The fall of the Soviet Union happened fifteen years after the critical branch point. Until then, Westerners had no way to know that the Soviets, too, had been in demographic decline for some time. Communist myth successfully portrayed the Soviet Union as an industrial and military powerhouse, but the reality was a hollow shell with a failing population a third-world pesthole with a space program. Had that been clearer thirty years sooner, perhaps Europe might have avoided the trap.
Now the millennium has turned and it looks like the experiment will finally have to end. It won't be philosophy or rhetoric or the march of armies that kills it, but rather the accumulated poisons of redistributionism necrotizing not just the economy but the demographics of Europe. Euro-socialism, in a quite Marxian turn of events, will have been destroyed by its own internal contradictions.
But the great point this article makes is the impact on the economy when population growth drops past replacement. Two thirds of the Western economy is dependent on consumer spending. [Sure, ultimately, all of it depends on cumsumer spending --- TQ] Consumer spending is fueled by young and middle aged adults, who are in the acquisition phase of life and many of whom are raising families.
I am afraid this is a speculation, however. Firstly, the ecomomy can move along just fine by replacing the old stock with new; one does not need expansion of the population for the growth of economy.
Secondly, it is a misconception that the young people "fuel the economy." It may be based on the misleading observation that businesses target the young, but this is often because the latter are influencers, not necessarily buyers. To the contrary, it is people over 40 that are in their prime of the earning power and the retirees who spend out of wealth --- these are the people who pay.

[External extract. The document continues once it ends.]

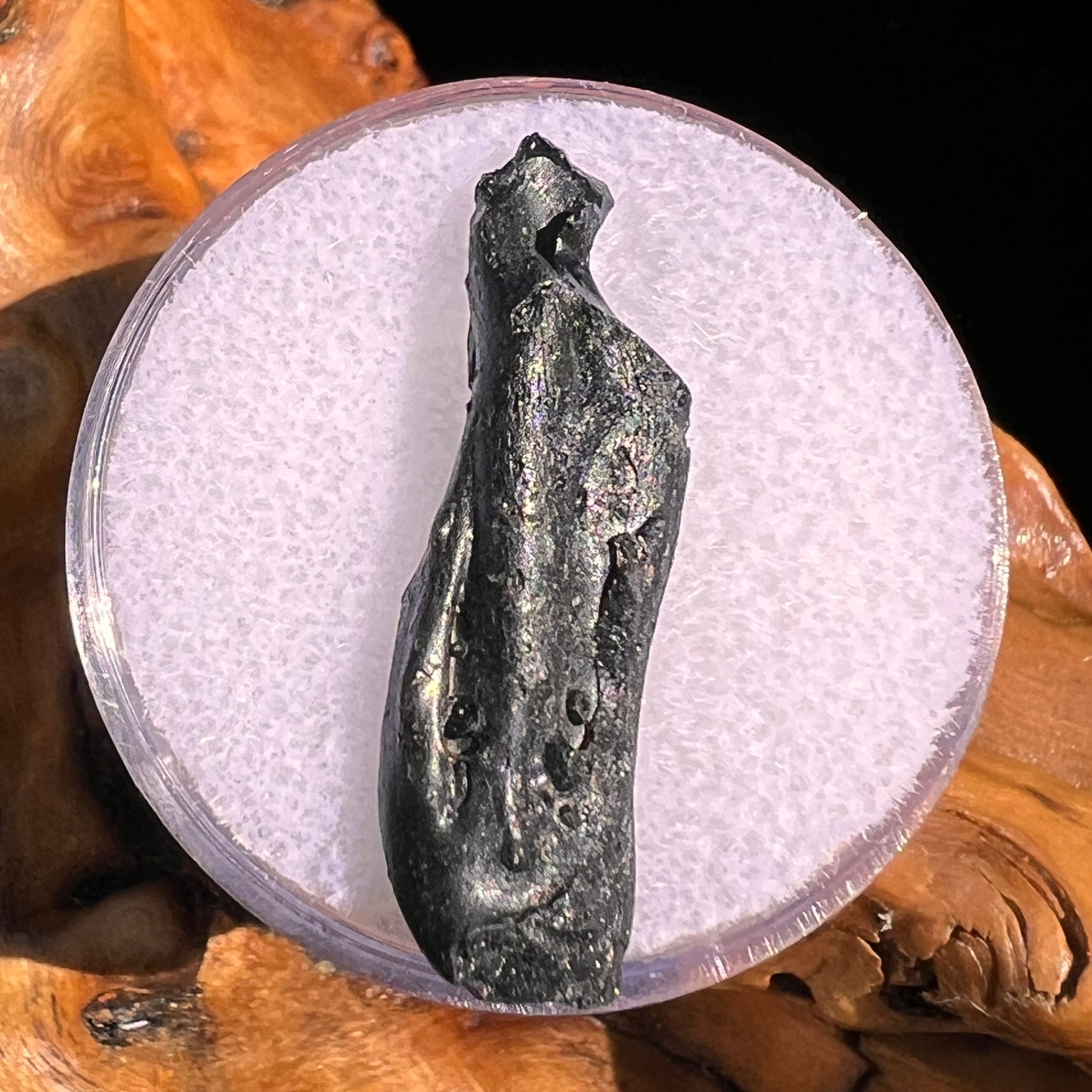 Irgizite Tektite #104-Moldavite Life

Finally, what you posit is the economy of scale: that efficiency is higher in a larger population than in the smaller. I do not think anyone has observed such economies or diseconomies.
I'm really surprised no one has linked the interminable Japanese recession or the stagnation in Europe to the problem of their greying populations. This is because another, more plausible reason is readily available: in both cases the population is unwiling to abandon broken, outdated institutions. In teh case of Japan, for instance, plenty of advisors told them what to do, but the instructions are simply not culturally acceptable. In Germany, similarly, most economists, including those who advise the government, knew for quite some time that the the traditional, paternalistic state is no longer viable. This too is not culturally acceptable yet.
The difficulty is a fundamental one: suppose you have perfect foresight and knowledge, how do you lead an ignorant populous?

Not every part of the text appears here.